Using "with" as the search string, find the matching lines below and copy them.

[Records shown Boundary: Start]

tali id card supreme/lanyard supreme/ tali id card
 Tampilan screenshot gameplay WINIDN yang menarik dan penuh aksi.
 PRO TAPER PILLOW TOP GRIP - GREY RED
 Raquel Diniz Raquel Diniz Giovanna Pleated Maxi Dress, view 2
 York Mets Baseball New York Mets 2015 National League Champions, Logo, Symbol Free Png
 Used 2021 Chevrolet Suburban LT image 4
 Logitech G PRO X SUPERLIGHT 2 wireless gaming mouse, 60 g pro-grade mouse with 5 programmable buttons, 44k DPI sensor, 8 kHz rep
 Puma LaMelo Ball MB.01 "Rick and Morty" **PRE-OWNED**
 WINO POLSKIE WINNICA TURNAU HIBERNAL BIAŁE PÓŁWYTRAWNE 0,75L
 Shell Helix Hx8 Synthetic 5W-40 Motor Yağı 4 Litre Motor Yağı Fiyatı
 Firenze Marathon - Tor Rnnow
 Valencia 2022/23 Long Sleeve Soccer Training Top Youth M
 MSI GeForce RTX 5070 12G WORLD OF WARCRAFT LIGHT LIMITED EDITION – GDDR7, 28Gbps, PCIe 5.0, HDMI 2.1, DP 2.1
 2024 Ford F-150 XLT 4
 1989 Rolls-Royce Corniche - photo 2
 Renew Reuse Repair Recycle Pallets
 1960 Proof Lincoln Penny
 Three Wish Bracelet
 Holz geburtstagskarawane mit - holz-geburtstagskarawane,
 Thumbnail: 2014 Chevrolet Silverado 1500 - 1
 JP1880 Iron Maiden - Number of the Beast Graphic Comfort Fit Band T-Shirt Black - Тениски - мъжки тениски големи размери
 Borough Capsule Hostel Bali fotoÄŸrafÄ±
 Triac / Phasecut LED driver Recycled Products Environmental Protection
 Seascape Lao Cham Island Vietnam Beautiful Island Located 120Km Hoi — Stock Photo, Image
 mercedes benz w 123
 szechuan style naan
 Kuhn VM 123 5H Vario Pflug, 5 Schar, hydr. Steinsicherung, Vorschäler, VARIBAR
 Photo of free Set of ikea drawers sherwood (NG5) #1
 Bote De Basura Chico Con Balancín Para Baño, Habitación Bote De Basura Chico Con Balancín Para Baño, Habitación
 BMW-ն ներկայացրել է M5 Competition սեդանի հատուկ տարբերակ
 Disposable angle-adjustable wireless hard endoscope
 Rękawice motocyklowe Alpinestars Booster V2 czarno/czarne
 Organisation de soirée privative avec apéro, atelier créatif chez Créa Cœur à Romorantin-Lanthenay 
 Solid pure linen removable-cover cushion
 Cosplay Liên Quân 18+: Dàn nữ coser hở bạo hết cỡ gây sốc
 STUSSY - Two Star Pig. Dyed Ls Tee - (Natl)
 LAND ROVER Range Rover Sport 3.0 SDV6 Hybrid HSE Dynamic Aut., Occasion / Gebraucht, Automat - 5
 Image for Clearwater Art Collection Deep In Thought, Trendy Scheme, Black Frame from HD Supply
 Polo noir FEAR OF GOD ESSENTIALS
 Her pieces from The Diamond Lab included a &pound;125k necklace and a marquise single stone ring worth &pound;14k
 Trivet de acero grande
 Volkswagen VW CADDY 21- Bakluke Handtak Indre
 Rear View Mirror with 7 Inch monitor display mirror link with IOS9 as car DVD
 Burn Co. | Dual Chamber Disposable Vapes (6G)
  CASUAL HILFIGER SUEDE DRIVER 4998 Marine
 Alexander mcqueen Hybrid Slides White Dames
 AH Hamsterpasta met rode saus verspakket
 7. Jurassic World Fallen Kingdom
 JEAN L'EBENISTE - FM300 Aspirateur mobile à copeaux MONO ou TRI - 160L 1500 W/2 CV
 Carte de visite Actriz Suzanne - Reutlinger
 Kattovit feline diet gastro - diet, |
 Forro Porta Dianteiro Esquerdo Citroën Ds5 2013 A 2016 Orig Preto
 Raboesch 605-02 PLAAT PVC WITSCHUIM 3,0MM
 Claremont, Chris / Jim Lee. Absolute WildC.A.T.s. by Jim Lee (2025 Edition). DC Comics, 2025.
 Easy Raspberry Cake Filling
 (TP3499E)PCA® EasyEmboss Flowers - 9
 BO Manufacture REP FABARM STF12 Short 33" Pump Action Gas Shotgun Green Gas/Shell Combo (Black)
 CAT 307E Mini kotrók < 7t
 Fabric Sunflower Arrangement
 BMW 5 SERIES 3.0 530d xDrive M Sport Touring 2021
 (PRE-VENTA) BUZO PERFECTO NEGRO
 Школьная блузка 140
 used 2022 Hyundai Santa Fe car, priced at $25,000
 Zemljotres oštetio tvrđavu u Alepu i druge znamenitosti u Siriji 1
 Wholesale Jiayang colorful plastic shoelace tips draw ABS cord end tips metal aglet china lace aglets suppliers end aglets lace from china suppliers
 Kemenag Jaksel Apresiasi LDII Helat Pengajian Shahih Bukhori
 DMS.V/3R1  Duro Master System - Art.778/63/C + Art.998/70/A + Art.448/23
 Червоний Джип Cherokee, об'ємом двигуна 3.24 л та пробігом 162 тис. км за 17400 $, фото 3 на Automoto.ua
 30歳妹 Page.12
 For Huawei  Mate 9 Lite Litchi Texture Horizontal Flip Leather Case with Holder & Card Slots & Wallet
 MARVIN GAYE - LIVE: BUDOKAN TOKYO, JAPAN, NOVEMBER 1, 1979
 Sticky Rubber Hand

[Records shown Boundary: End]

• _Task result_
 Logitech G PRO X SUPERLIGHT 2 wireless gaming mouse, 60 g pro-grade mouse with 5 programmable buttons, 44k DPI sensor, 8 kHz rep
 Rear View Mirror with 7 Inch monitor display mirror link with IOS9 as car DVD
 For Huawei  Mate 9 Lite Litchi Texture Horizontal Flip Leather Case with Holder & Card Slots & Wallet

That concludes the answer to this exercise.